Is anyone aware of any microprocessors that implement the “double dabble” algorithm in hardware for converting binary unsigned integers to decimal?
I prefer to keep all my integers in binary and then only convert to decimal when I’m displaying them to the user. I don’t use the Z80’s DAA opcode to repair binary coded decimal sums and differences.
I tried once to do that in FPGA logic computer design, but I could never get a working design.
The 2903 bit slice may have that encoded in with the shift logic.
I think the reason we don’t see this very often in hardware is that to implement DAA, you just have to be able to do an addition on both nybbles and not much else. But even for an 8-bit int, double dabble requires several more conditional adds. That’s more transistors that have to be paid for.
My credit is good, add those transistors.
I always considered it as just text book hardware example like
adding two BCD digits. A software version could still be faster
on machine with no hardware divide in number conversion.
Could there be a better way to convert a binary number into printable decimal?

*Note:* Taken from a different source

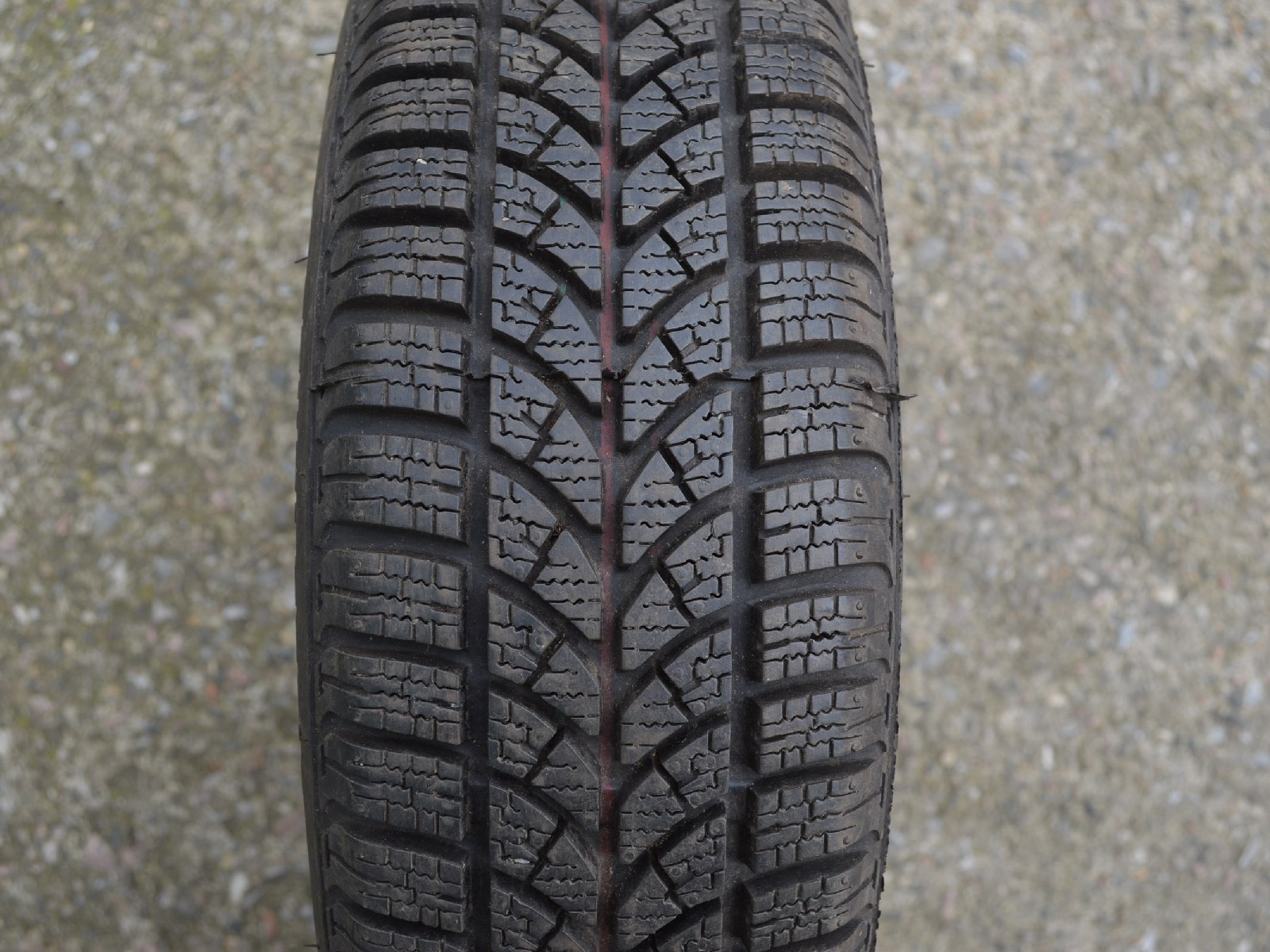 145/70/12  69Q  Bridgestone Blizzak LM-18, použitá zimní sada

I presume this is for the Z80 - back in the early 80s (the last time I did 8080/z80 code!) I did it via repeated subtraction - had a table of 10,000, 1,000, 100, 10 and used them in a fairly brute-force way.
Another way - the way it’s done in my current 6502 project is by dividing by 10 and pushing the result into the stack then to print pop the stack and output the digits…
Being able to do it using less brute-foce methods would be nice though.
Repeated subtraction works fine but the performance can vary widely. Another way would be to test each binary bit individually and increment the corresponding decimal digits. Say like if bit 7 is set, then write 1, 2, 8 into the output buffer. Then if bit 6 is set, increment tens by 6 and ones by 4…
I have been studying Double Dabble for a long time.
All of that testing of and adding to individual BCD digits is merely a way to perform a “decimal adjustment” when the hardware does not directly support it.
Hi there. Yes, for that reason I do think we can use the z80’s DAA instruction to do a modified double dabble. Whereas usually in DD we would add 3 if the nybble is 5 or greater, DAA can add 6 if the nybble is 10 or greater. We would just be waiting for the nybble to overflow its decimal bound instead of jumping in early to prevent overflow.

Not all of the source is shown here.